**Your goal**: Using the records below, locate all lines containing "from" and return them.

Material for the task: Begin

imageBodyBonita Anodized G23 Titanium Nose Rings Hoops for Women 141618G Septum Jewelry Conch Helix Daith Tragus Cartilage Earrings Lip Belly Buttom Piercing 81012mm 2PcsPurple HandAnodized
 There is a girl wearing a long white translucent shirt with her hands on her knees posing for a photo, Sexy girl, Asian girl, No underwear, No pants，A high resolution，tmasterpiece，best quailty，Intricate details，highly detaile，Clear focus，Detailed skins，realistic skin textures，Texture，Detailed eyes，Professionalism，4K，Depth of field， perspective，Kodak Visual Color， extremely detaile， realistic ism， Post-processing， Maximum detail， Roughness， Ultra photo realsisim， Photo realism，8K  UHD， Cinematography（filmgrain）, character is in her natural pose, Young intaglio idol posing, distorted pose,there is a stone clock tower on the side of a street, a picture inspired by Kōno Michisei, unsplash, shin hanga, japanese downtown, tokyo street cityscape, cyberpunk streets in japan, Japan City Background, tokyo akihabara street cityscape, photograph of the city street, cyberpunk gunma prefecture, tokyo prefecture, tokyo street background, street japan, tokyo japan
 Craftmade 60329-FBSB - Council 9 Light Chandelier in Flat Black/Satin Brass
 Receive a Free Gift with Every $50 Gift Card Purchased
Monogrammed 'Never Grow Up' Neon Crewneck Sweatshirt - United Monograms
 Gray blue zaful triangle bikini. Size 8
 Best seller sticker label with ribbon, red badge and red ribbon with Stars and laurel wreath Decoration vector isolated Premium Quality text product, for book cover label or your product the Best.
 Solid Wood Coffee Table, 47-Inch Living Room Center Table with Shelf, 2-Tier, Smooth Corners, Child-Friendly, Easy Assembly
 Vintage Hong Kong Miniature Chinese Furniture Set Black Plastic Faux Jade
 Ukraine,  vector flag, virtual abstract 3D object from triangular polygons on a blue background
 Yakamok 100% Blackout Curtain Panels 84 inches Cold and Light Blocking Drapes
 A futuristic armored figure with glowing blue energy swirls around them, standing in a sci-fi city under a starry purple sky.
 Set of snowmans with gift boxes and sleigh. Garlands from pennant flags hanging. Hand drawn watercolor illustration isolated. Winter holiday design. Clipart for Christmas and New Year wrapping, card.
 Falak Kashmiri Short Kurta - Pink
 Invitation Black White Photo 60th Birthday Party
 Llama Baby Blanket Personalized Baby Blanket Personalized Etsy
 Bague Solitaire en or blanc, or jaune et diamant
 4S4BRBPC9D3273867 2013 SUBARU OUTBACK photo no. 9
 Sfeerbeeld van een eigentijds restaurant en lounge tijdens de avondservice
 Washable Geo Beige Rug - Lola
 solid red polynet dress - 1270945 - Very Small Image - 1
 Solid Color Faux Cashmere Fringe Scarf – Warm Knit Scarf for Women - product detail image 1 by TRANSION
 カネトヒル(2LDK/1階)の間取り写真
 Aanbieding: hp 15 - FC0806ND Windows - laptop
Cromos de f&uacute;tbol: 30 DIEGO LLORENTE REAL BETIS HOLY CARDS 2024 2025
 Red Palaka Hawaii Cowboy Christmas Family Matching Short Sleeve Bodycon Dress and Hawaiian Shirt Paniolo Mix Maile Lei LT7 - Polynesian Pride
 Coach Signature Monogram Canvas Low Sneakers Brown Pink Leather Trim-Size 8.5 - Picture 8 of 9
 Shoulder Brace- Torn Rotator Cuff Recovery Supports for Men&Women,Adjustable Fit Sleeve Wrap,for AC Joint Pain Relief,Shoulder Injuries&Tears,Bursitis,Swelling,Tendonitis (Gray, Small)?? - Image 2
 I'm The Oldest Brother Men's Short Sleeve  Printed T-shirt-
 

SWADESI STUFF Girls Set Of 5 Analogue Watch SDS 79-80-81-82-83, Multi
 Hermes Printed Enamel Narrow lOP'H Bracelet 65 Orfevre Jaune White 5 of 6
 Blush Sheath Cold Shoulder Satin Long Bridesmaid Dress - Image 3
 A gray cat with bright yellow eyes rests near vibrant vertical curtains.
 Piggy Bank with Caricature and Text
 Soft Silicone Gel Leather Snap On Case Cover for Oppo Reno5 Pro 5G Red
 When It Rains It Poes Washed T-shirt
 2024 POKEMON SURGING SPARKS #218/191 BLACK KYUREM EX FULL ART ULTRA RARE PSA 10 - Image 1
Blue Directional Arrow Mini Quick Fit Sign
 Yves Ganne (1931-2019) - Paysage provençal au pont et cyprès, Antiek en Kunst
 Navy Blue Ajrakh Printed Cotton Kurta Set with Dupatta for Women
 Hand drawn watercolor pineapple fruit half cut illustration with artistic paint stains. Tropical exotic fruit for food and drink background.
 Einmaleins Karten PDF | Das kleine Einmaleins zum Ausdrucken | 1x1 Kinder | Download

Material for the task: End

**Solution for this problem**:
 Ukraine,  vector flag, virtual abstract 3D object from triangular polygons on a blue background
 Set of snowmans with gift boxes and sleigh. Garlands from pennant flags hanging. Hand drawn watercolor illustration isolated. Winter holiday design. Clipart for Christmas and New Year wrapping, card.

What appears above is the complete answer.